I’ve been asked what I think about BitConnect. From the surface, seems like a classic ponzi scheme. I wouldn’t invest in it and wouldn’t recommend anyone else to.

I follow this rule of thumb:

“If it looks like a ????, walks like a ????, and quacks like a ????, then it’s a ponzi.” ????

— Charlie Lee [LTC⚡] (@SatoshiLite) November 30, 2017

More recently, a slew of cryptocurrency interest accounts like Celsius Network went bust in 2022 for a wide variety of reasons, but not exactly scams.
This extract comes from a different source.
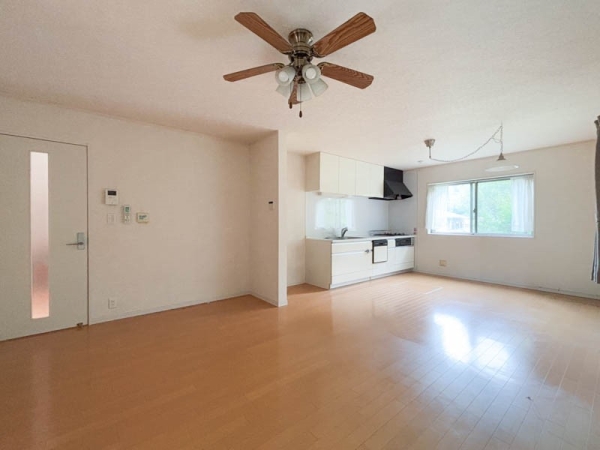 横浜市磯子区峰町の中古一戸建て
These companies were advertising safe and secure lending practices, but were actually engaging in risky DeFi plays, poorly collateralized loans to companies that went bust, and illiquid DeFi positions.  

The companies are currently in bankruptcy proceedings, with billions of dollars of customer funds on the line.

Final Thoughts: The Ins and Outs of Bitcoin Lending

We’ve just gone over a high-level view of the Bitcoin lending industry, and have learned a few important lessons:

  1. DeFi may be promising for BTC lending because it removes the need for a centralized custodial party, but a BTC-native DeFi lending ecosystem has yet to flourish. That being said, DeFi brings its own distinct risks. 
  2. Tread lightly with CeFi companies– as we’ve learned from the likes of Celsius Network, custodial platforms can do more harm than good when it comes to hanging onto your digital assets. 
  3. Taking out a loan with BTC as collateral can be pricy, but it might be a better option for users with large unrealized capital gains, or who don’t have access to established financial institutions, or the non-crypto asset collateral to obtain a loan. 

Whether you’re looking to lend or borrow your Bitcoin, we encourage you to thoughtfully explore the risks involved. 

We look forward to a future where Bitcoin lending is as safe and secure a practice as depositing money into a high-yield savings bank account, but it seems those days are far from where we are today.